ASSIGNED TASK => Using the data below, repeat all of it precisely.

Stored entries:
--- START ---
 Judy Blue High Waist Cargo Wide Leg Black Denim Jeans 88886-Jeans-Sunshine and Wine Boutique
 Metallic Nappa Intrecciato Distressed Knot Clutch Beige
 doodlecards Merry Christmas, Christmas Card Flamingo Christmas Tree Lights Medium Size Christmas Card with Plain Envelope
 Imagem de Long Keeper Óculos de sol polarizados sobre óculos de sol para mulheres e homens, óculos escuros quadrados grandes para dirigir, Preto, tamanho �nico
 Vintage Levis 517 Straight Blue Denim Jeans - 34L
--- END ---
RESPONSE AREA =>
 Judy Blue High Waist Cargo Wide Leg Black Denim Jeans 88886-Jeans-Sunshine and Wine Boutique
 Metallic Nappa Intrecciato Distressed Knot Clutch Beige
 doodlecards Merry Christmas, Christmas Card Flamingo Christmas Tree Lights Medium Size Christmas Card with Plain Envelope
 Imagem de Long Keeper Óculos de sol polarizados sobre óculos de sol para mulheres e homens, óculos escuros quadrados grandes para dirigir, Preto, tamanho �nico
 Vintage Levis 517 Straight Blue Denim Jeans - 34L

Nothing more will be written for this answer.